Christ is risen, and you are overthrown!
Christ died. Every. single. year. I am struck by that. Christ, one of the Holy Trinity. died.
From the Lamentations (Matins of Great and Holy Saturday)
Let awe and wonder shake the heavens
and let the earth’s foundations quake
For He who dwells in the heavens is laid
within a dark and dismal tomb
And numbered among the dead…
Can you imagine this from the point of view of those long-dead? From the perspective of the demons?
The hymns we sang tonight talked about the chaos that likely ensued when Christ descended into hell and freed the captives. For like two seconds it looked like evil and death had triumphed, but then He-who-created-the-world showed up.

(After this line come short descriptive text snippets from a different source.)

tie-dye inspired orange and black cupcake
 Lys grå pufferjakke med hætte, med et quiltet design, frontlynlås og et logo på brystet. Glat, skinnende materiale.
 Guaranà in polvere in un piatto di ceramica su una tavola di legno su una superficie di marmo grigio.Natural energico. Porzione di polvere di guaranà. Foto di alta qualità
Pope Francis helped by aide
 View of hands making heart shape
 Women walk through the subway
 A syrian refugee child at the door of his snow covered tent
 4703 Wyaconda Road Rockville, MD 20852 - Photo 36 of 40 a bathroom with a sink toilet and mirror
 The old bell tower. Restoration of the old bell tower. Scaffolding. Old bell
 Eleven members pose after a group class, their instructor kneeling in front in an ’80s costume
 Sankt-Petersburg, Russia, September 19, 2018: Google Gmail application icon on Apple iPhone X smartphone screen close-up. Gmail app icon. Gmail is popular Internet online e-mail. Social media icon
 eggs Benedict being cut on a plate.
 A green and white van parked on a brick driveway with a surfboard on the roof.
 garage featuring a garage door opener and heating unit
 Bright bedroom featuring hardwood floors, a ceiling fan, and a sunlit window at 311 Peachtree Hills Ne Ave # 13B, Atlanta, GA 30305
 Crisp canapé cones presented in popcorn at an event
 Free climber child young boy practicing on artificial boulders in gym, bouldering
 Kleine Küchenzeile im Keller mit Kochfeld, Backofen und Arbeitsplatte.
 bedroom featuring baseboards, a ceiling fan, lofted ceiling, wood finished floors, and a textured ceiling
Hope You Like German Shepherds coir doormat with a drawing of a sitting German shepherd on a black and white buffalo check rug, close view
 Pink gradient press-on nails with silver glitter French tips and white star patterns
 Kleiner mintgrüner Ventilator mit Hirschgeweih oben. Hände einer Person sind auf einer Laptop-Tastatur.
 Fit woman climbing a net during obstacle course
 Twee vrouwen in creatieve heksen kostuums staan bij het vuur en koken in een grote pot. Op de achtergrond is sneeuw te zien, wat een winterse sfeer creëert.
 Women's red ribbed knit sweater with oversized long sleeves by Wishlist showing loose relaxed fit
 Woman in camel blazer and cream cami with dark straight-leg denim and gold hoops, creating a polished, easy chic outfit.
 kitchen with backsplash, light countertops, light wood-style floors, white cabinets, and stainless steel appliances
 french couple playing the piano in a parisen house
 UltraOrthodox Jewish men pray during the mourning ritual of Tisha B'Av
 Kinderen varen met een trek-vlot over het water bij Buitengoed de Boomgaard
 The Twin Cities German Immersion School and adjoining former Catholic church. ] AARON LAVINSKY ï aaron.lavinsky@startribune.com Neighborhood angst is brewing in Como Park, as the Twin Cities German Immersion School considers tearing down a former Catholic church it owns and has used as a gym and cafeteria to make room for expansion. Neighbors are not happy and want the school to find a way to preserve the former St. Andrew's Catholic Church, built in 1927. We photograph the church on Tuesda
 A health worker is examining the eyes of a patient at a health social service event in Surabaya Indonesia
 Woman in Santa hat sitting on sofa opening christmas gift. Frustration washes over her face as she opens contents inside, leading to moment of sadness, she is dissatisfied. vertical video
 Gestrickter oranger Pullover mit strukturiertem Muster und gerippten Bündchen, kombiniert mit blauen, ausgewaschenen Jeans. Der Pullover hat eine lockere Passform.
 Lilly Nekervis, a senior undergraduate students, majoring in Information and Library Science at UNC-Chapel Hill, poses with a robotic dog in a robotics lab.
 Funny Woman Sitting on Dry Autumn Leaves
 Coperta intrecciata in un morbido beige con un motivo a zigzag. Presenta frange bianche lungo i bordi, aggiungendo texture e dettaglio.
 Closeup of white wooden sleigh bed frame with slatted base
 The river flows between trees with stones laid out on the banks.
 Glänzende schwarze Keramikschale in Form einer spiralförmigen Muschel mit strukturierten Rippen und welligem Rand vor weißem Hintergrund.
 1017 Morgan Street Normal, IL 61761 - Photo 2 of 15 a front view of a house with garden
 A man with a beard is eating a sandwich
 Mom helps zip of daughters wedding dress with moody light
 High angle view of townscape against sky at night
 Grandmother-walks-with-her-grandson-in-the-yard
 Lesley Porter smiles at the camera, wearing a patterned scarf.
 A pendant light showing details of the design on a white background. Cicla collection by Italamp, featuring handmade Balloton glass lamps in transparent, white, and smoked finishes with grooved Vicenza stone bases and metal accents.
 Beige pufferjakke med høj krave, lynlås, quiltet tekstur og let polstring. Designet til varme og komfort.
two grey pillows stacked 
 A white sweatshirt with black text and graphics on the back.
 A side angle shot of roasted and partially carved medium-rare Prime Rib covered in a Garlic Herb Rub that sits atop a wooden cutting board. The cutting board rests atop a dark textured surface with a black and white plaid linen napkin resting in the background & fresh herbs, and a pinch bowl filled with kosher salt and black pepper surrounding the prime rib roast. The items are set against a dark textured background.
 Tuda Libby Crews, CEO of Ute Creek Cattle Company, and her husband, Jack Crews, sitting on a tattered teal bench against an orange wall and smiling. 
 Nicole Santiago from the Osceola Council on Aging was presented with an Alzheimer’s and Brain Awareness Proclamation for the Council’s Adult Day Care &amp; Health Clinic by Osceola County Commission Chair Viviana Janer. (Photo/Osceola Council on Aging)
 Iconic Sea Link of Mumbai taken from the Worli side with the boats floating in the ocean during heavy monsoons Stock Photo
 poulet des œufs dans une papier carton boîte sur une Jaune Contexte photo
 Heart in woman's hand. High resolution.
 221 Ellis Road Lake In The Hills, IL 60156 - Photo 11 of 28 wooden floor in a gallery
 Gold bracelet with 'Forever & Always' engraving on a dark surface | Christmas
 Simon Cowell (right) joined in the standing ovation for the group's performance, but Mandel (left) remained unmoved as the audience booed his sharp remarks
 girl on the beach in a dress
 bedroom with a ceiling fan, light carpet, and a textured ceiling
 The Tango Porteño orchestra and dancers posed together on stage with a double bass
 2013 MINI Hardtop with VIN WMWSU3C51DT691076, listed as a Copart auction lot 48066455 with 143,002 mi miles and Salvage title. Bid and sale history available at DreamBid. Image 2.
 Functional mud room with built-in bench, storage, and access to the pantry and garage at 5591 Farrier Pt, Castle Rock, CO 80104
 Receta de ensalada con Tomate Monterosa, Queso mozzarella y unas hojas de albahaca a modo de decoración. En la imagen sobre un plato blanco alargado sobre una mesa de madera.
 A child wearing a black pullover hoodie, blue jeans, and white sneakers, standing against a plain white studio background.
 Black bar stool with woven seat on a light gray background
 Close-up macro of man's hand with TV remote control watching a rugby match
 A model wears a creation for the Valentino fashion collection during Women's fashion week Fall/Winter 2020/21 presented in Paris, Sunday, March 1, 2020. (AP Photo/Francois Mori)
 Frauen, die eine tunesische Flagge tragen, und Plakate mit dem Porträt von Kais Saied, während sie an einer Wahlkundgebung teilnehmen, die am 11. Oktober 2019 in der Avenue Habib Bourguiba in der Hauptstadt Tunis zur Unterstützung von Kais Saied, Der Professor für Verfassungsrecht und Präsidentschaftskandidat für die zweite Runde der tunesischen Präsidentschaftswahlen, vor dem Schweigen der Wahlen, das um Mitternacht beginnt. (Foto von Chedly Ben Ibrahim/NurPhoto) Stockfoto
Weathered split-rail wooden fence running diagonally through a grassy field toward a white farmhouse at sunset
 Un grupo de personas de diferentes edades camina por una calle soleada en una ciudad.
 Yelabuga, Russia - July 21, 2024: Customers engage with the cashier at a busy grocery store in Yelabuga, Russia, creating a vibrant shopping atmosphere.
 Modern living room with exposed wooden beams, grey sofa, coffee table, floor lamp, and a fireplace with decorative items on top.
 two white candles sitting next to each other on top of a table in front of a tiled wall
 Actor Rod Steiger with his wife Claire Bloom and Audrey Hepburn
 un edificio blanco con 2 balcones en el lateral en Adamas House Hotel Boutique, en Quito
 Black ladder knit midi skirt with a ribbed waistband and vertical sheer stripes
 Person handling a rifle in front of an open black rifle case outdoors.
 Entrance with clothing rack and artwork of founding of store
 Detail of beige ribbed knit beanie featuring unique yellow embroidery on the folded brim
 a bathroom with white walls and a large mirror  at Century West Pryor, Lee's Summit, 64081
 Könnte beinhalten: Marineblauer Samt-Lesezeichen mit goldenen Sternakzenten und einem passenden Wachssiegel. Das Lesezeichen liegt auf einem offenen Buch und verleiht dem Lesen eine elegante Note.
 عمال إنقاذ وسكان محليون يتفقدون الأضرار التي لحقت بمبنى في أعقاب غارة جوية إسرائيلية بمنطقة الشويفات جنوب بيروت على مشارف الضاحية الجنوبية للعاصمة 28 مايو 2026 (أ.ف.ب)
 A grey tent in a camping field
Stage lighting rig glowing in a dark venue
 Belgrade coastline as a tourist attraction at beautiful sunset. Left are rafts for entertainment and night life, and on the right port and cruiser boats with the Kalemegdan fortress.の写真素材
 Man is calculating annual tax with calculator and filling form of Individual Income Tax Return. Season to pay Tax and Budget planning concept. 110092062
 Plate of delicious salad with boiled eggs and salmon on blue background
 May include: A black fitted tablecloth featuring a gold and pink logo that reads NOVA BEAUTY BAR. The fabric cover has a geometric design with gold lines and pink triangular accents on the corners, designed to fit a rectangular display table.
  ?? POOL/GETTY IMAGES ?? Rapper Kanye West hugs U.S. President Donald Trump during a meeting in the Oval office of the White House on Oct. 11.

So for me, for those of us here on earth, Christ is dead and in the tomb. But there’s so much more going on.
Lent did to me what it always does to me…and I guess what is supposed to do…revealed those areas in my life that need some shoring up, some care and tending to. For me, this year, that’s been a lot about my cynicism and my aggressive irritation with those around me: the least of these, usually, who stand in the way of my progress toward wherever it is I think I’m going, or think I need to go.
Then, yesterday, I saw this little clip on YouTube…you know the clip I’m talking about. And Miss Susan Boyle showed me what grace looks like. She took me to a place where I needed to go, but I confess I didn’t expect it. Come on, neither did you. I was just like Simon Cowell, cringing at the thought of whatever was going to come out of her mouth and smugly looking forward to the trainwreck that was about to ensue.
And as I watched it unfold on my computer at work, I tried not to weep. I thought about her all evening, as I sat before the icons during Pre-Sanctified Liturgy. I thought about how grace-less I am, and how I do not treat people with anything remotely resembling the respect due them as those created in the image of God.
So, thank you, Susan Boyle. Thank you for being an instrument of God’s grace in my life. Thank you for holding up the mirror of my own heart in front of my eyes so I could see those areas that needed polishing so I can better reflect that Divine Image. Thank you, Susan Boyle, for blessing this Holy Week for me in a very real way.